I thought I’d follow up the post about food mills with a simple recipe that uses one. It’s tomato sauce, a good, basic sauce for any number of dishes. I use it with anything from the fast, like penne and tomato sauce showered with Parmesan shavings, to the slow, such as a hunk of pork shoulder braised until tender, the pork fat mellowing the tang of tomato.
Plus, this is the last time this year that we’ll have an inexpensive supply of deep-red, ripe tomatoes. I’d like to make enough to freeze. But I never manage to make enough to last me into winter.
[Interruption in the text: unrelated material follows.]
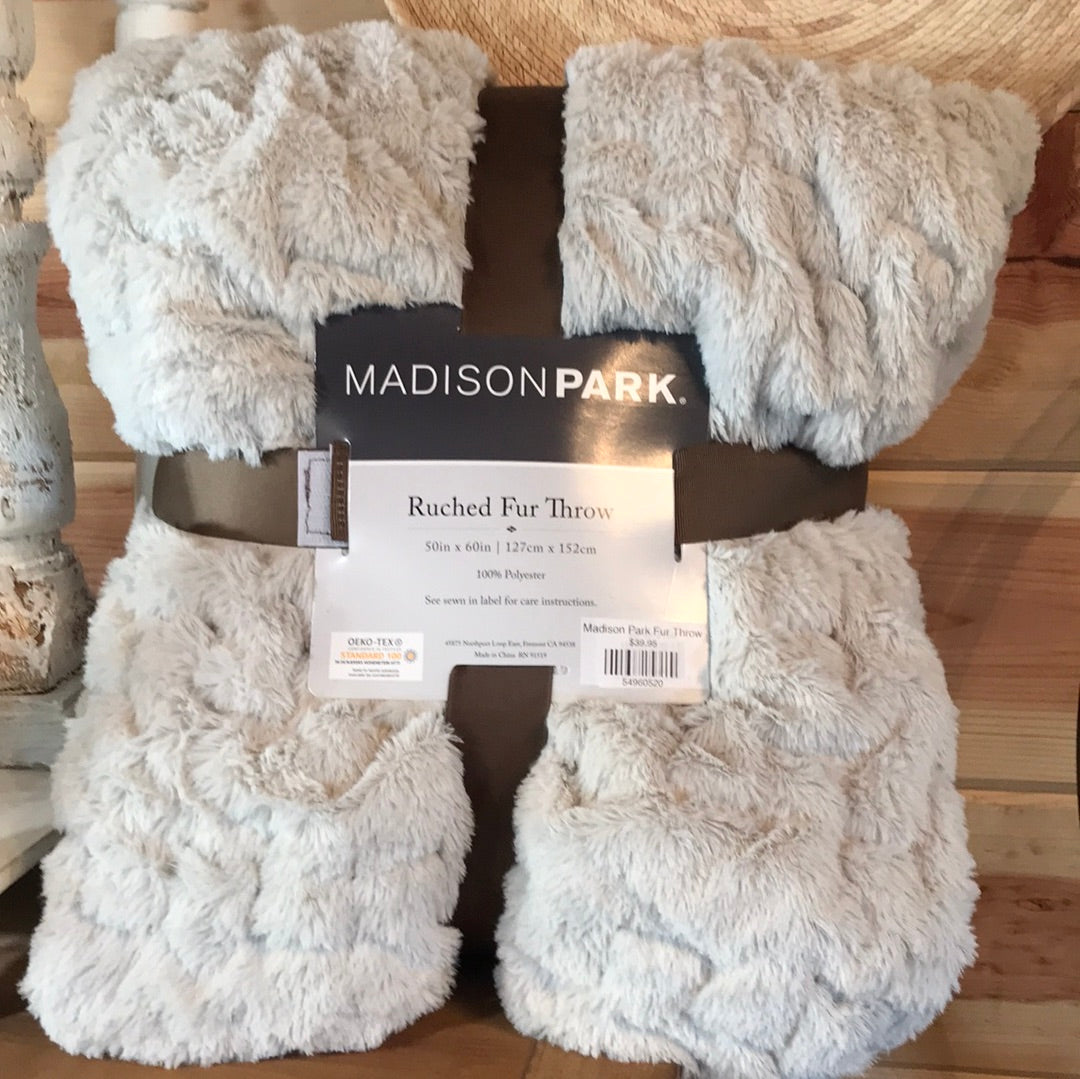 Madison Park Fur Throw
To make tomato sauce with a food mill:
Stem and coarsely chop 2 pounds of tomatoes. Put at food mill fitted with a coarse disk over a bowl or pot and mill the tomatoes. Most of the skins and seeds will be stuck in the blades of the food mill, so you’ll be left with a lot of pulp and juice– 3 cups or so. In a pot, preferably one that’s not very wide, gently heat 1/4 cup olive oil and 2 smashed garlic cloves. When the garlic is aromatic, add the tomatoes and 1 peeled carrot. A whole carrot adds sweetness to the tomato sauce, mellowing its acidity. I also like to add a pinch of dried chile flakes for heat. Add a sprig or two of basil and a few pinches of salt and then simmer gently until the juices have reduced and the sauce lightly coats the back of a spoon, 45 minutes or so. Before you use the sauce, remove the carrot and the basil. Eat the carrot if you’d like, then add fresh basil. You will have about 2 cups of sauce.
That’s it. Use it any which way you’d use tomato sauce or canned tomatoes. It’s easy enough to make, even when you’d distracted, as I have been lately.
My distractions are completely justified, I think. I’m cooking with a new furry friend by my feet. Meet Henry, a cardigan welsh corgi puppy. This is his favorite spot in the kitchen.